Kalau saja usiaku 12 sampai 18 tahun, aku juga tidak akan
kesulitan menjawab. Dengan sedikit menggombal, akibat hasrat romantisme dan galaunisme tak tersampaikan, aku akan menjawab: Bahagia adalah
ketika kita melihat orang yang kita sayangi bahagia, walau tidak bersama kita. Setelah
itu aku akan menangis kecil, mendeklamasikan patah hati dengan lagu-lagu cinta,
yang pada saat itu sedang booming di radio, dan sudah kucatat liriknya di buku
harian. Meski sedih, namun bahagia delusional itu bisa dengan mudah
diterjemahkan.
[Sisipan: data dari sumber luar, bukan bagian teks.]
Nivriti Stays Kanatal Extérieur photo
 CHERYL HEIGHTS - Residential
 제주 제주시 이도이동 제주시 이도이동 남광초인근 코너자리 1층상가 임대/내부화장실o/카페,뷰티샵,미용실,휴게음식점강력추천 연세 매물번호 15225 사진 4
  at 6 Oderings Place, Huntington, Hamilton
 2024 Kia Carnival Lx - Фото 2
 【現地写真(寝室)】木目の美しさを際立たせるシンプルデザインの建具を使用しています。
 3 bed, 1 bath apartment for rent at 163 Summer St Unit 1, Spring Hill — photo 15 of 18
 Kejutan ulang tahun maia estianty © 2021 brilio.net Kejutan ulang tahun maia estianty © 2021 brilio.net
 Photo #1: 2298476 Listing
Barangkali sesungguhnya, aku ingin mengatakan bahwa bahagia itu
bisa bersama dengan orang yang kucintai dan balas mencintaiku, dan berjanji
tidak akan menyakitiku. Barangkali juga, sesungguhnya semboyan ‘cinta tak harus
memiliki’ itu adalah kamuflase dari keharusan memiliki dari cinta. Penolakan
sesungguhnya adalah suatu upaya untuk mendapatkan cinta. Bingung? Aku juga.
Tapi setidaknya aku tahu apa itu bahagia.
Kalau flashback hingga tiga tahun lalu saja, aku juga masih
bisa menjawab dengan mudah apa itu bahagia. Yaitu ketika aku diterima di sebuah
kampur ternama, dengan biaya yang tak terlalu banyak. Orang tuaku bangga, aku
senang, dan aku seolah melihat masa depanku cerah mendadak.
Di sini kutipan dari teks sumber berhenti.